I once again have a question about the kwic()
function from the quanteda
package. I want to extract the five words around a specific keyword (in the example below, these are "stack overflow" and "radio star"). However, after removing stopwords in the tokenization process, kwic()
does not return the actual window of 5 words pre and post the keyword, but less words than that. Is there a way to tell kwic()
to ignore stopwords when counting keywords in context?
Reprex below:
library(quanteda)
speech = c("This is the first speech. Many words are in this speech, but only few are relevant for my research question. One relevant word, for example, is the word stack overflow. However there are so many more words that I am not interested in assessing the sentiment of. Now I am also adding a few words that would not be removed as stopwords, as follows: Maintenance, Television, Superstar, Textual Analysis. Video killed the radio star is another sentence I would like to include.",
"This is a second speech, much shorter than the first one. It still includes the word of interest, but at the very end. stack overflow.
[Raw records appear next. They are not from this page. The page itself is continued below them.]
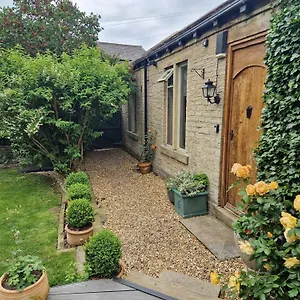 Holiday home Briar Guest In Norwood Green,, Halifax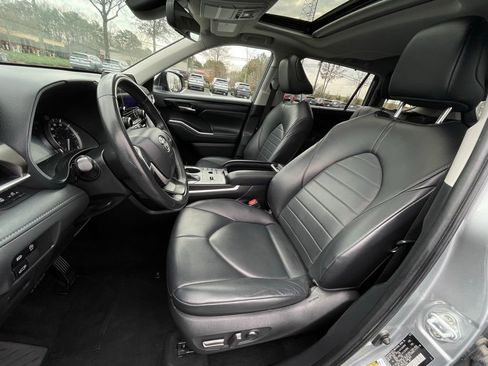 Used 2023 Toyota Highlander XLE image 27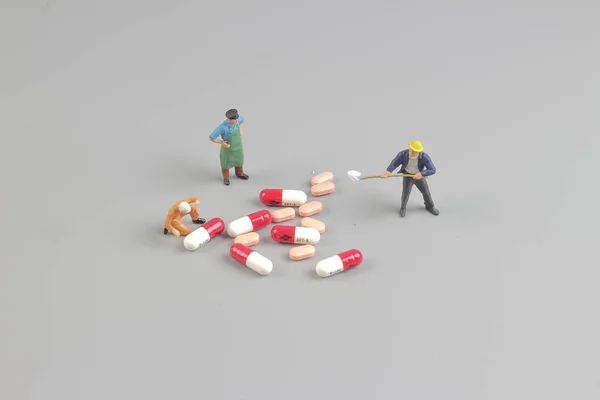 Працівник фігури перед таблетками — стокове фото
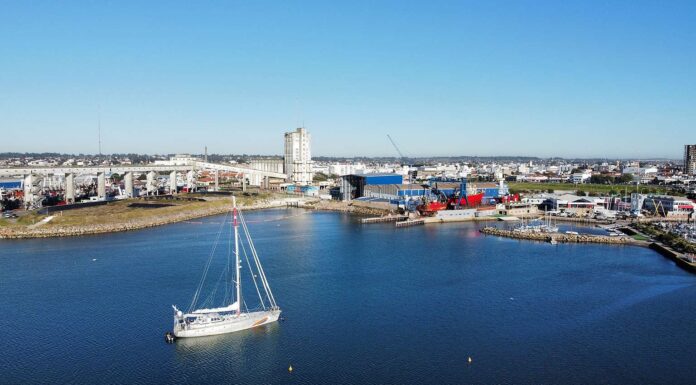 EL BARCO MÁS NUEVO DE GREENPEACE, WITNESS, LLEGÓ POR PRIMERA VEZ AL PAÍS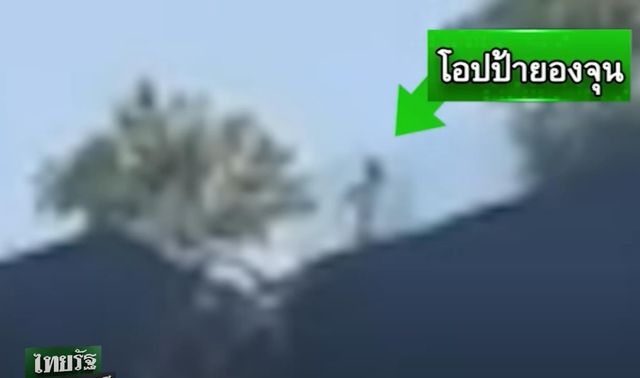 갈라진 구름다리 건너는 권영준 씨 모습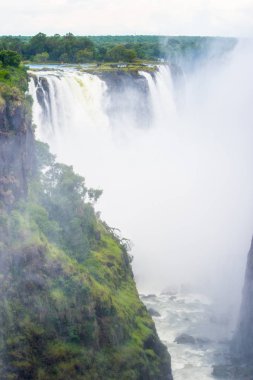 Victoria Şelalesi, Zambezi Nehri, Zimbabve ve Zambiya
Once again adding some non-stopwords: Maintenance, television, superstar, textual analysis. Video killed the radio star is another sentence I would like to include.",
"Finally, this is the third speech, and this speech does not include the word of interest so I'm not interested in assessing this speech. Here are some more non-stopwords: Maintenance, television, superstar, textual analysis")
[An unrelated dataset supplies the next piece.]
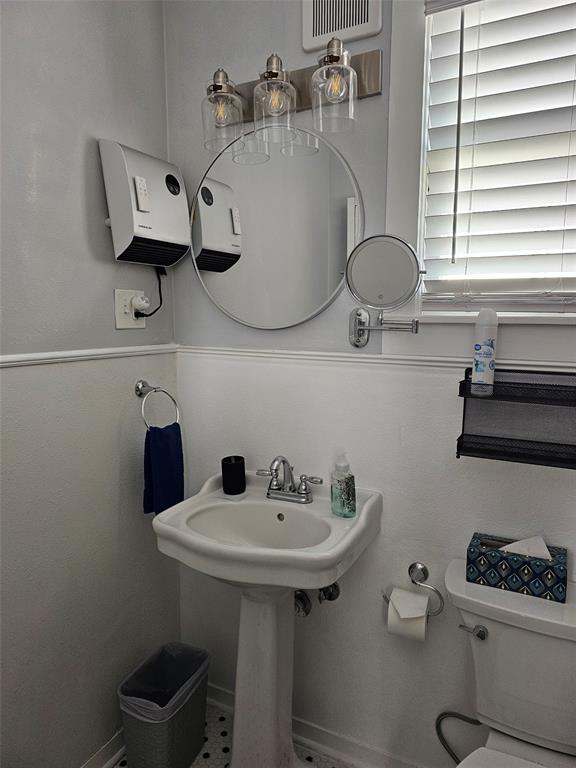 1111 West Main Street Denison, TX 75020 - Photo 32 of 36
data <- data.frame(id=1:3,
speechContent = speech)
test_corpus <- corpus(data,
docid_field = "id",
text_field = "speechContent")
test_tokens <- tokens(test_corpus,
remove_punct = TRUE,
remove_numbers = TRUE) %>%
tokens_remove(stopwords("en"), padding = TRUE) %>%
tokens_compound(pattern = phrase(c("stack overflow*", "radio star*")),
concatenator = " ")
test_kwic <- kwic(test_tokens,
pattern = c("stack overflow", "radio star"),
window = 5)
As @phiver suggested, using padding = FALSE
when removing stopwords fixed the issue. Thank you!